ON THAT DAY
Lord, I would dread marching in the army of those opposing you.
Read ZECHARIAH 14:1–11, 20, 21
The Lord Comes and Reigns
14 A day of the Lord is coming, Jerusalem, when your possessions will be plundered and divided up within your very walls.
2 I will gather all the nations to Jerusalem to fight against it; the city will be captured, the houses ransacked, and the women raped. Half of the city will go into exile, but the rest of the people will not be taken from the city. 3 Then the Lord will go out and fight against those nations, as he fights on a day of battle. 4 On that day his feet will stand on the Mount of Olives, east of Jerusalem, and the Mount of Olives will be split in two from east to west, forming a great valley, with half of the mountain moving north and half moving south. 5 You will flee by my mountain valley, for it will extend to Azel. You will flee as you fled from the earthquake[a] in the days of Uzziah king of Judah. Then the Lord my God will come, and all the holy ones with him.

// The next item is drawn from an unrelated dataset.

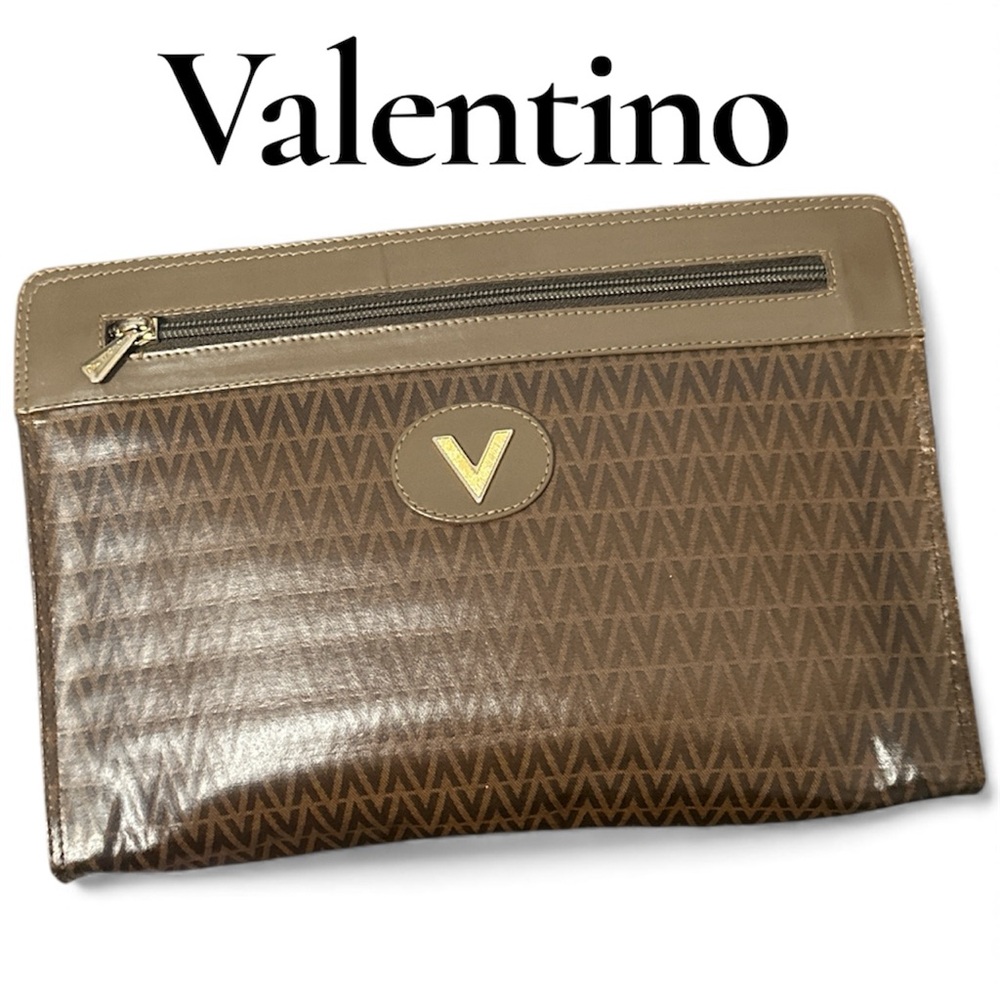 MARIO VALENTINO Sig Monogram Vtg Leather Clutch.EUC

6 On that day there will be neither sunlight nor cold, frosty darkness. 7 It will be a unique day—a day known only to the Lord—with no distinction between day and night. When evening comes, there will be light.
8 On that day living water will flow out from Jerusalem, half of it east to the Dead Sea and half of it west to the Mediterranean Sea, in summer and in winter.
9 The Lord will be king over the whole earth. On that day there will be one Lord, and his name the only name.
10 The whole land, from Geba to Rimmon, south of Jerusalem, will become like the Arabah. But Jerusalem will be raised up high from the Benjamin Gate to the site of the First Gate, to the Corner Gate, and from the Tower of Hananel to the royal winepresses, and will remain in its place. 11 It will be inhabited; never again will it be destroyed. Jerusalem will be secure.
a Zechariah 14:5 Or 5 My mountain valley will be blocked and will extend to Azel. It will be blocked as it was blocked because of the earthquake
20 On that day holy to the Lord will be inscribed on the bells of the horses, and the cooking pots in the Lord’s house will be like the sacred bowls in front of the altar. 21 Every pot in Jerusalem and Judah will be holy to the Lord Almighty, and all who come to sacrifice will take some of the pots and cook in them. And on that day there will no longer be a Canaanite[a] in the house of the Lord Almighty.
a Zechariah 14:21 Or merchant
New International Version (NIV)
Holy Bible, New International Version®, NIV® Copyright ©1973, 1978, 1984, 2011 by Biblica, Inc.® Used by permission. All rights reserved worldwide.
“May God himself, the God of peace, sanctify you through and through. May your whole spirit, soul and body be kept blameless at the coming of our Lord Jesus Christ.” (1 Thessalonians 5:23)
In the Old Testament, “that day” signifies when God steps in to punish those who oppose his purposes. This may happen within history (Isaiah 13:9–22). Such events foreshadow a final day of reckoning and deliverance. Zechariah’s apocalyptic passage, chapter 14, uses symbolic imagery. Being symbolic, its message is not literal, but lies in the theological truth it portrays. The message of verses 1–5 is that God’s people will often suffer at the hands of those who oppose God’s rule but that, at a time God chooses, he will destroy the evil forces in the world and deliver his people. This is an encouraging message for us in times of trouble. We find ourselves ultimately on the winning side, “more than conquerors through him who loved us” (Romans 8:37).
God’s final victory will lead to a transformed world order (6–9). The image of the divided Mount of Olives allowing water from Jerusalem to flow to the Dead Sea and the Mediterranean symbolizes God’s life-giving blessing spreading into the whole world. Jesus envisioned this beginning with the Spirit flowing out from those who believed in him and whom he sent out to be disciples to the nations (John 7:38; Matthew 28:19, 20).
In ancient Near-Eastern thought, the gods ruled from a high mountain in the far north. The psalmist uses this imagery of Jerusalem (Psalm 48:2, NRSV) – which in reality is lower than the Mount of Olives and not in the north. On that day, however, all will recognize that the God worshipped there is the one true God and King (9–11). When God has accomplished his salvation and subsequent judgment, the holiness which was originally symbolized by the high priest (Exodus 28:36) will characterize all God’s people (20,21) because of the once-for-all sacrifice made by Jesus, the true high priest who gave himself as the sin-offering for the world (Hebrews 7:27).
Think of the coming of the Day of the Lord. Are you prepared?
Lord, help me to drink deeply of the water You offer so that something of Your blessing will flow out into the world from me.